## [Activity]
Repeat the lines of the data exactly and exclude any picture among them.

## [Information shown]
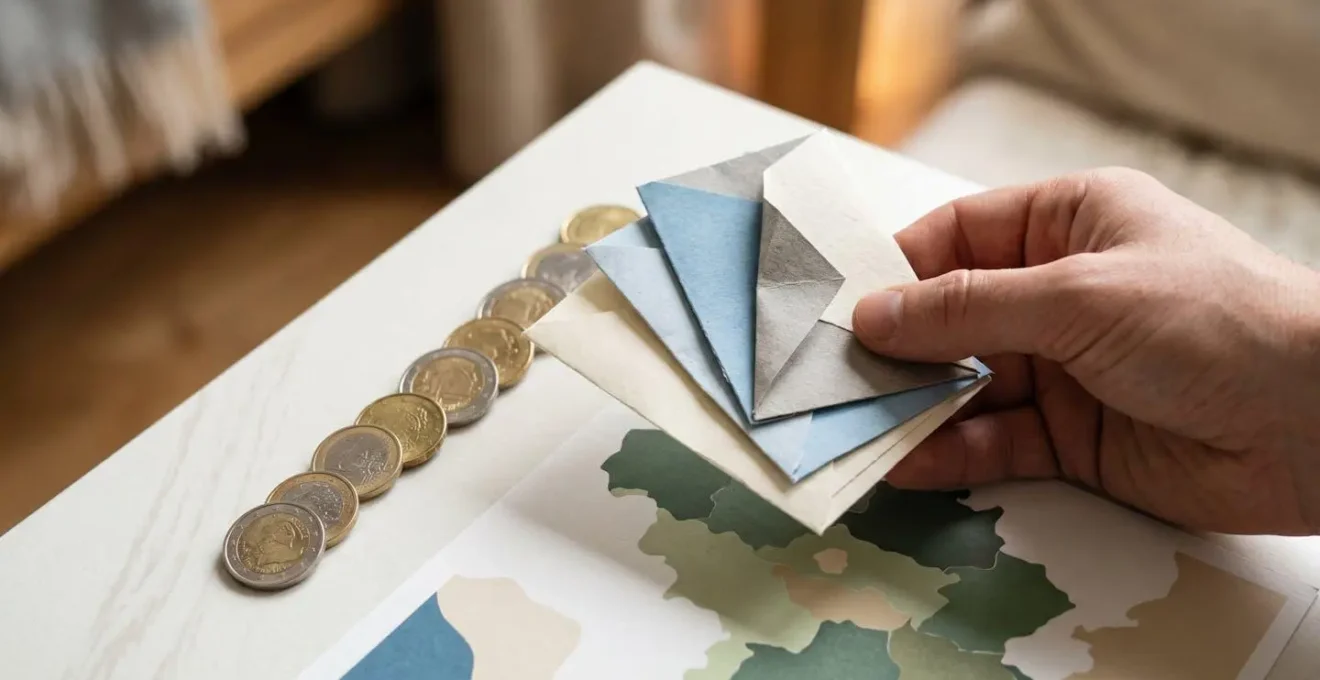 Main tenant des documents financiers avec carte stylisée de la Belgique en arrière-plan, symboles euros flottants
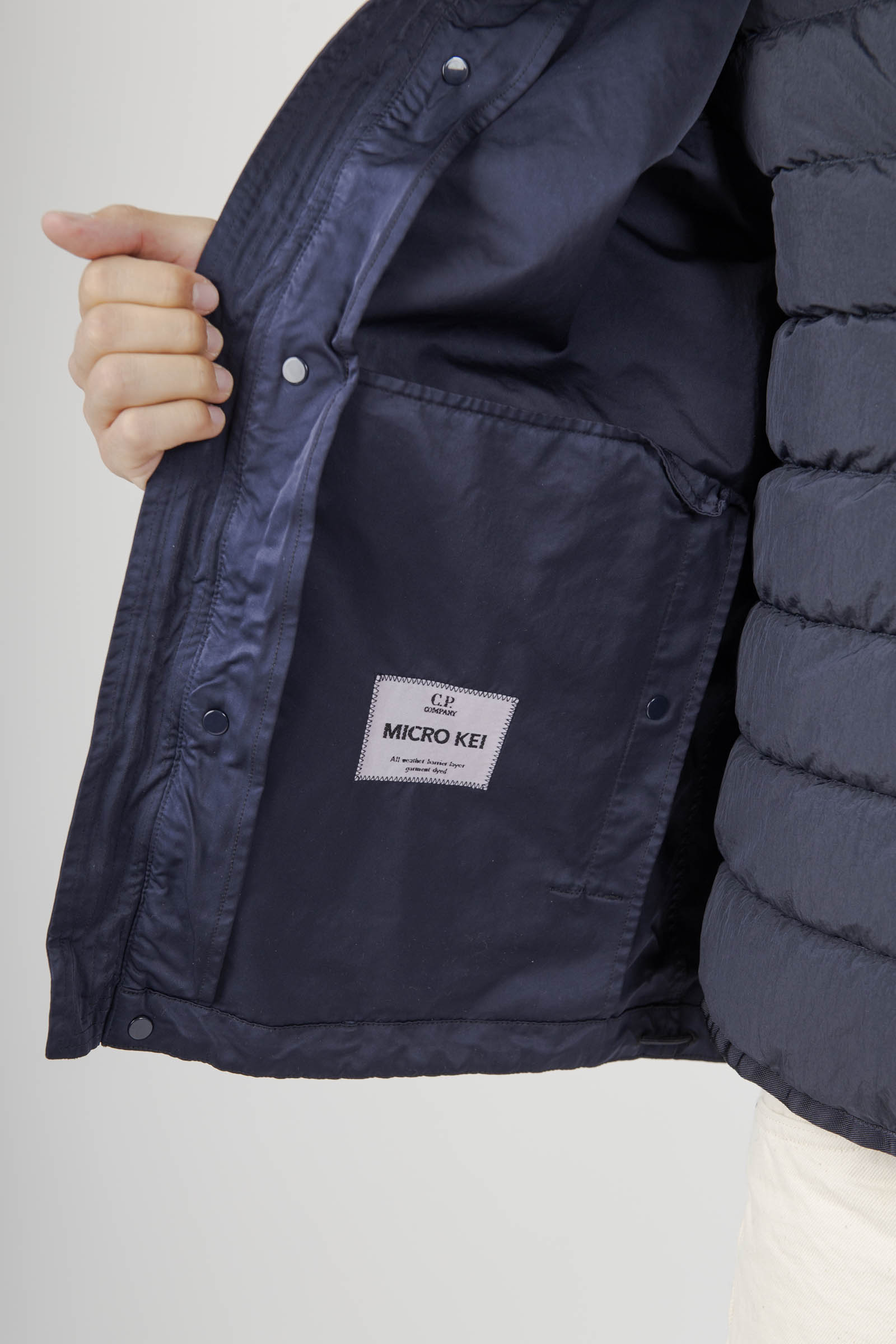 C.p. Company Giubbotto Micro Kei Hooded Lens Blu Scuro Uomo - 8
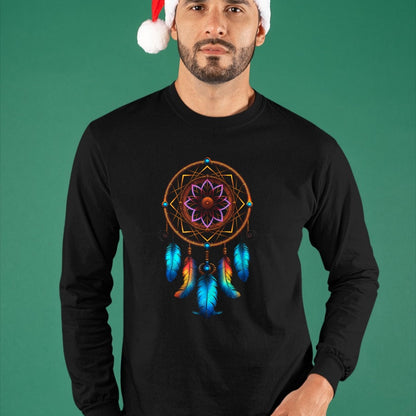 Native American T-Shirts, Vintage Native American Unisex T-Shirt/Hoodie/Sweatshirt HLT00 - American Flag - Colorful Dreamcatcher Feathers Tribal Native American Indian T-Shirt (1)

## [Exercise output]
 Main tenant des documents financiers avec carte stylisée de la Belgique en arrière-plan, symboles euros flottants
 C.p. Company Giubbotto Micro Kei Hooded Lens Blu Scuro Uomo - 8
 Native American T-Shirts, Vintage Native American Unisex T-Shirt/Hoodie/Sweatshirt HLT00 - American Flag - Colorful Dreamcatcher Feathers Tribal Native American Indian T-Shirt (1)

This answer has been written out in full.